Für die deutsche Seite muss gelten, dass die Erinnerung an das Leid, das Krieg, deutsche Besatzung und Holocaust über die Einwohner und die Völker der Sowjet­union gebracht haben, selbst­ver­ständlich fortdauern sollte. Aber zugleich wäre es gut, im Auge zu behalten, dass in der Sowjet­union 1939 mehr als 40 Prozent der Bevöl­kerung Nicht­russen waren, 1991 (wie schon im späten Zaren­reich) sogar etwa die Hälfte. Und dieser leicht „übersehene“ Teil der Bevöl­kerung – vor allem Ukrainer und Belarussen – war es, der am meisten gelitten hat; es waren die Gebiete der Ukraine und von Belarus, die restlos von der Wehrmacht besetzt und am schlimmsten zerstört wurden. Ähnlich wie Polen hatten diese beiden damaligen Sowjet­re­pu­bliken, zurück­haltend geschätzt, etwa ein Fünftel ihrer Bevöl­kerung durch Krieg, Besatzung und Holocaust verloren, wobei der traurige Rekord­halter offenbar Belarus war. Einge­rechnet sind jeweils die ermor­deten Juden – allein in der Ukraine waren es etwa 1,5 Millionen Menschen.

Präsident Putins Aussage aus den letzten Jahren, die Russen hätten den Krieg gegen das Dritte Reich „auch ohne die Ukrainer“ gewonnen, ist demge­genüber nicht nur ahisto­risch und natio­nal­chau­vi­nis­tisch, sie ist, wie so manche Aussagen des Diktators, ganz menschlich gesprochen einfach unver­schämt.  Da darf man ihn und seine Sympa­thi­santen, bei allem Respekt vor jedem einzelnen Opfer, daran erinnern: Nur ein sehr kleiner Teil Russlands war von der Wehrmacht besetzt.

Erheb­liche Wissens­lücken zur Historie die „kleineren Länder“

Für das deutsche Gedenken an jenen Krieg, der vor 80 Jahren Europa verwüstete, und für Bildung und histo­rische Wissens­ver­mittlung sollte das gelten, was ganz allgemein für die Bezie­hungen Deutsch­lands zum östlichen Europa gilt: Über die sogenannten „kleinen Völker“ in jener Region gibt es erheb­liche Wissens­lücken. Und es ist zu ergänzen: Über Russland lernt man am meisten, wenn man Russlands Nachbarn zuhört. Nicht nur die Ukraine, sondern alle Länder zwischen Deutschland und Russland sollten einen zentralen Platz in der bundes­deut­schen Erinne­rungs- und Bildungs­arbeit bekommen. Europäische Solida­rität sollte auch heißen: Wenn polnische Solda­ten­gräber aus der Zeit des Zweiten Weltkriegs im Westen Russlands verwüstet werden, wie es Warschau kürzlich beklagt hat, sollte auch Berlin seine Stimme erheben. Deutsche und ungarische Gräber in der Nähe blieben bei den Grabschän­dungen übrigens unangetastet…

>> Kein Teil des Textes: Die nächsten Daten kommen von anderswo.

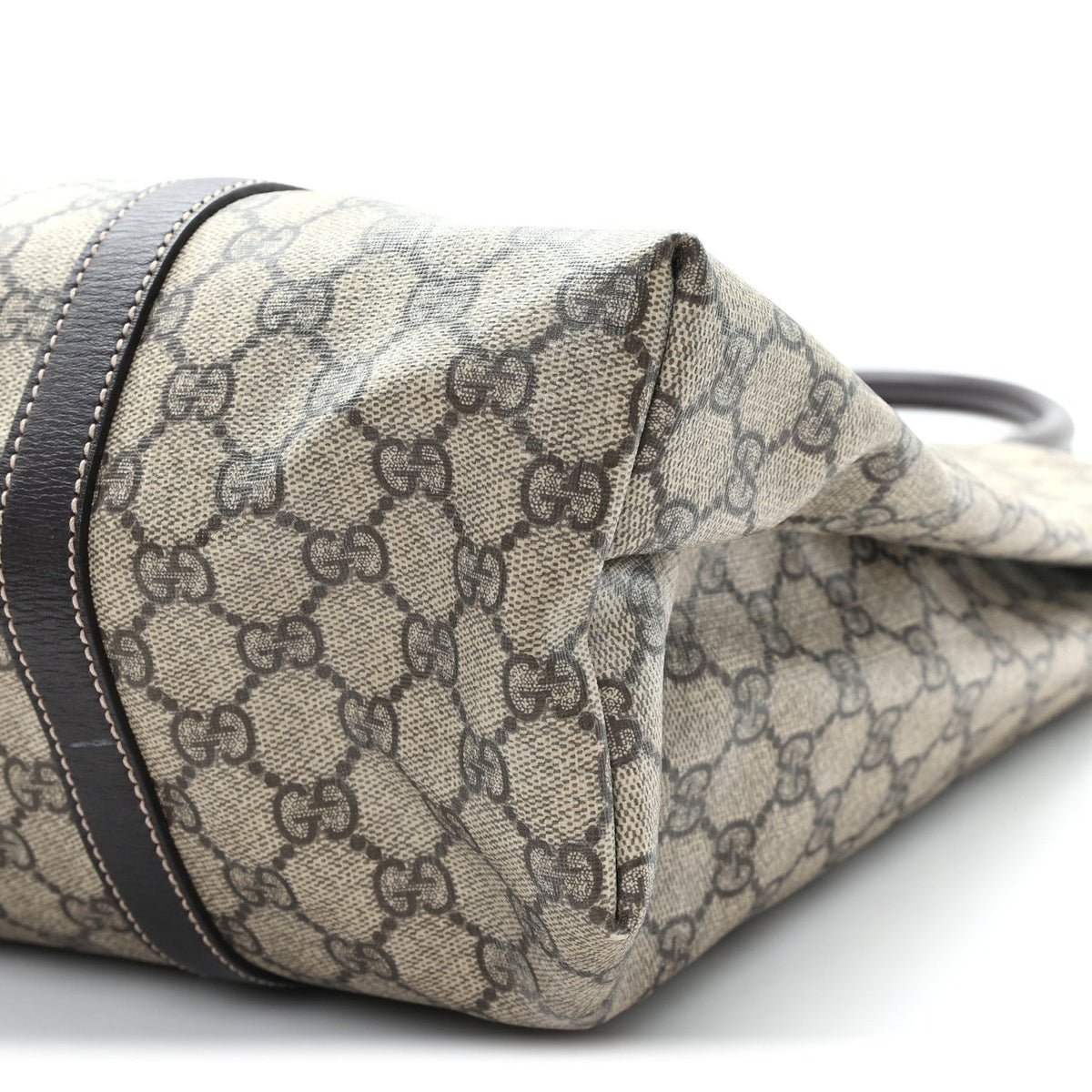 GG Plus Monogram Joy Vertical Tote Dark Brown wholesalehk.shop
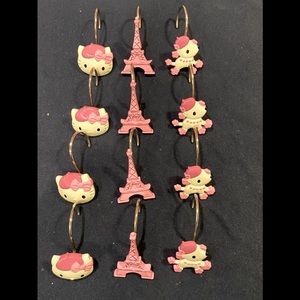 Hello Kitty Vintage Bonjour Shower Hooks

In der Weimarer Zeit wurden die Länder Ostmit­tel­eu­ropas als „Zwischen­europa“ bezeichnet: Länder zwischen den Mühlsteinen, in der Klemme zwischen Preußen und dem Zaren­reich, zwischen Drittem Reich und Sowjet­union, zwischen Deutschland und Russland – und jetzt womöglich, welch bittere Ironie, zwischen Russland und den Verei­nigten Staaten. Über das folgen­reiche Schicksal dieser Länder unter zwei totali­tären Regimen hat der US- ameri­ka­nische Histo­riker Timothy Snyder das wohl wichtigste Buch vorgelegt: „Blood­lands“. Es wurde in rund 20 Sprachen übersetzt. Doch wo ist der deutsche Dokumen­tar­filmer, wo ist der franzö­sische Schrift­steller, der das Werk Timothy Snyders weiterführt?